September 3, 2018 / 2:41 AM / 22 days ago

コラム:日米FTAは「今がお買い得」か、米加交渉にヒント=熊野英生氏

[東京 3日] - 米国とメキシコは8月27日、北米自由貿易協定(NAFTA)再交渉の2国間協議で大筋合意した。トランプ米大統領はこれまでNAFTAを痛烈に批判し、国境に壁を築くなどと言っていた割に合意内容は厳しくない。

 9月3日、第一生命経済研究所・首席エコノミストの熊野英生氏は、 カナダがNAFTAで良い妥協点を掘り出せれば、日米FTAが好条件で落としどころを見いだせるとの類推解釈が成り立つと指摘。写真左は安倍首相、右はトランプ米大統領。米ワシントンで6月撮影(2018年 ロイター/Kevin Lamarque)

米国との貿易交渉に当たっては2つの立場がある。1つは、正論を譲らず徹底抗戦する立場だ。もう1つは、特定分野で妥協しても早く合意すれば名を捨てて実が取れるという立場である。メキシコは後者を選んだ。

争点となっていた自動車関税をゼロにする基準「原産地規則」については、現地調達率を現行の62.5%から75%に引き上げることで合意。また、完成車の40─45%を、メキシコの平均賃金の約2倍に当たる時給16ドル以上の労働者によって生産することで合意した。この条項は、時給の安い労働者が製造するメキシコ製品ではなく、米国製品の使用を求めるものだ。

細かい点はともかく、自動車分野でトランプ大統領が得をしたと感じる条件を受け入れれば、残りは自由貿易のルールが守られる。今更ながら、環太平洋連携協定(TPP)交渉をするのと本質的に何が違っているのかが分からない。

もっとも、TPPの原産地規制は55%であり、日本は40%とより低い調達率を希望していた。この点は少し厳しい。
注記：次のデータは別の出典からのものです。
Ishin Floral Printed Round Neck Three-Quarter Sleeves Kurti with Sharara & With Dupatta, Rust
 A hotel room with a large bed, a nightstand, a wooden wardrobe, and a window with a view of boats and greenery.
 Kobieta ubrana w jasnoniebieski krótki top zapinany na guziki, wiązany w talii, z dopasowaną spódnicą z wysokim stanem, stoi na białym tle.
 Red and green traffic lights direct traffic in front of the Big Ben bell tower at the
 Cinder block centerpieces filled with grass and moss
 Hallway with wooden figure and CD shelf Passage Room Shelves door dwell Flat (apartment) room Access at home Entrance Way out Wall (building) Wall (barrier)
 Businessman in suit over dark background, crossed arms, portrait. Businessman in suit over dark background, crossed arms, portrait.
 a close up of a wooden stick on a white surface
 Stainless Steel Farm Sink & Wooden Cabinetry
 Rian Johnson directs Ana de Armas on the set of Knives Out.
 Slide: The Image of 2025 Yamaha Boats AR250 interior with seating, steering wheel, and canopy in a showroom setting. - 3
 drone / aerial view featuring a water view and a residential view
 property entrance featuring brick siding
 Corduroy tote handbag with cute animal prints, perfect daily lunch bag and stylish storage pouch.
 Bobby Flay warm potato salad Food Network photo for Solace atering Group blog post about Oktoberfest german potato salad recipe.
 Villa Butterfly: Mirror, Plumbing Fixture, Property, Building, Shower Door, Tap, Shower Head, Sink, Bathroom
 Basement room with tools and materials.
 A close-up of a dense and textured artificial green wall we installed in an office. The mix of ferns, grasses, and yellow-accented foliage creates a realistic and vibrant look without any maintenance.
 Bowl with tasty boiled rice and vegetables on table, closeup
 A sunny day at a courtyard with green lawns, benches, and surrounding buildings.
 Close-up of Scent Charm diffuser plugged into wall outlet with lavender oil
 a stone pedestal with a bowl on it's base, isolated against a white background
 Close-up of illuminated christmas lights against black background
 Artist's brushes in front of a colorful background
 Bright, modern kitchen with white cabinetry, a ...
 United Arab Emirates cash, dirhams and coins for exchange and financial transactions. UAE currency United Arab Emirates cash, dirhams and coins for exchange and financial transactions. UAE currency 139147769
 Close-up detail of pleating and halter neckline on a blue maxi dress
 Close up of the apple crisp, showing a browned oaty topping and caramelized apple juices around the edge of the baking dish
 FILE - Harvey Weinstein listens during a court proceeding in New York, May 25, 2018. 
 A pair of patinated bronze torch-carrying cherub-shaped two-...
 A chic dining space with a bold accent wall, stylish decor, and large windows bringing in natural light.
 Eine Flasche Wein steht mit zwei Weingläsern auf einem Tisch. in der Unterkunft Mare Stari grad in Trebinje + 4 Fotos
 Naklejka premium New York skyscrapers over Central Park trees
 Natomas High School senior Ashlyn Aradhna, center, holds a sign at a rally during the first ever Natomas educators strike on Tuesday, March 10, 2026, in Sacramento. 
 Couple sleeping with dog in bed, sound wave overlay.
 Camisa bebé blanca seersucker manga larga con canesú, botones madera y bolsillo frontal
恐らくトランプ大統領には、独特の戦略がある。最初に2国間自由貿易協定(FTA)で妥協したのは、韓国だ。この米韓合意は、早く妥結すれば、好条件が与えられるというメッセージを感じさせた。その後、欧州連合(EU)、メキシコとの間で割と甘い条件で合意が決まった。

<日本の自動車に対する条件も今なら甘くなるか>

日米FTAは、合意が遅れるほどに条件が厳しくなるのだろうか。こうした疑心暗鬼に襲われるところが、トランプ流の交渉術である。11月に中間選挙を控えたトランプ大統領は、早期合意を目指している。だから、「今がお買い得」と思わせる。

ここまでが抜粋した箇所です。